(112) Oct 28/2013 – A Man of Sorrows

Monday Meditation

October 28, 2013

From the desk of Dr. A.J. Higgins

A Man of Sorrows

 He is . a man of sorrows and acquainted with grief.

Isaiah 53:3

Think of some of the sources of sorrow for the Lord Jesus as He moved here.

He was exposed to the presence of sin. We can scarcely measure what the very presence of sin meant to His holy sensitive soul. Remember that He loved righteousness with all His being. He hated lawlessness with an equal and opposite intensity. He must have grieved moment by moment as He lived in the company of men whose default position is self-centeredness. All was so opposed to all He was in Himself. He not only saw the acts of sin; He alone could see the thoughts and intents of the heart. Even when men did that which was morally “right,” He could still see the less than holy motives behind each act.

But he was also accused of the practice of sin. Men claimed at times that He was enabled by Beelzebub, that He was a liar, that He was breaking the law by allowing His disciples liberties on the Sabbath, that He was dishonoring God by healing on the Sabbaths, and other allegations. Finally, they tried to arraign Him before Pilate on the grounds that He was a perverter of the people. How His holy soul must have recoiled under such accusations.

His suffering had another dimension. He was physically and mentally abused because of the power of sin in the lives of others. “This is your hour and the power of darkness” He told them in the garden (Luke 22:53).
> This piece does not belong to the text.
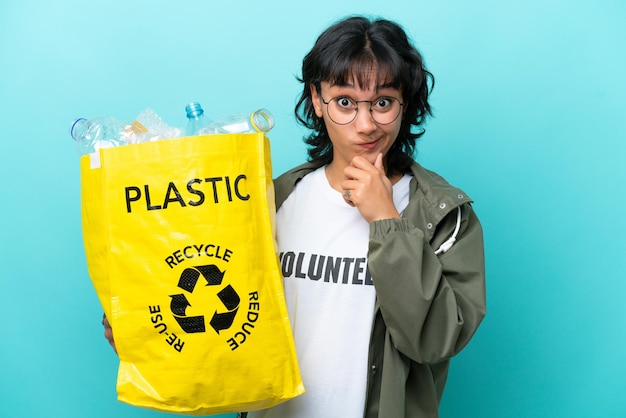 Młoda argentyńska kobieta trzymająca torbę pełną plastikowych butelek do recyklingu na białym tle na niebieskim tle, mająca wątpliwości i myśląca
All of the evil imagination of the human heart was given free rein to inflict on Christ whatever it could conjure up, aided by the fury of Satan himself. He felt every buffeting; He was sensitive to every stroke of the rod as it pushed the thorns down into His brow. Men vent their pain by epithets and curses at their tormentors. He was silent in His majesty. He felt it all – the spitting and the scorn; He felt the derision and the hatred. The power of sin in the human heart was fully displayed in the treatment he received.
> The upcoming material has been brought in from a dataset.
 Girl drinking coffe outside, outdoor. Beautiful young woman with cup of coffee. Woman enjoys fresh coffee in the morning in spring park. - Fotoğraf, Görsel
Along with sorrows over the presence of sin, having been accused of the practice of sin, suffering under the power of sin in others, He knew infinite sorrow as He bore the penalty of sin upon the cross. The Word of God provides imagery for the cross – a flood, a pit, a storm, a sword, a darkness and a distance – but it does not tell us what is perhaps outside the realm of human language to describe. We do not know what form that suffering took and will never know its depths. But He suffered! He was a Man of Sorrows.

Consider:

1.  One of the chief goals of most human beings is to avoid sorrow. Yet He willingly came to be a Man of Sorrows.

2.  He was acquainted with grief. He did not experience grief as such in heaven; he came to become acquainted with it. A variant reading of Psalm 88:18 is “and darkness is mine acquaintance.” Consider the Lord Jesus becoming acquainted with these two things.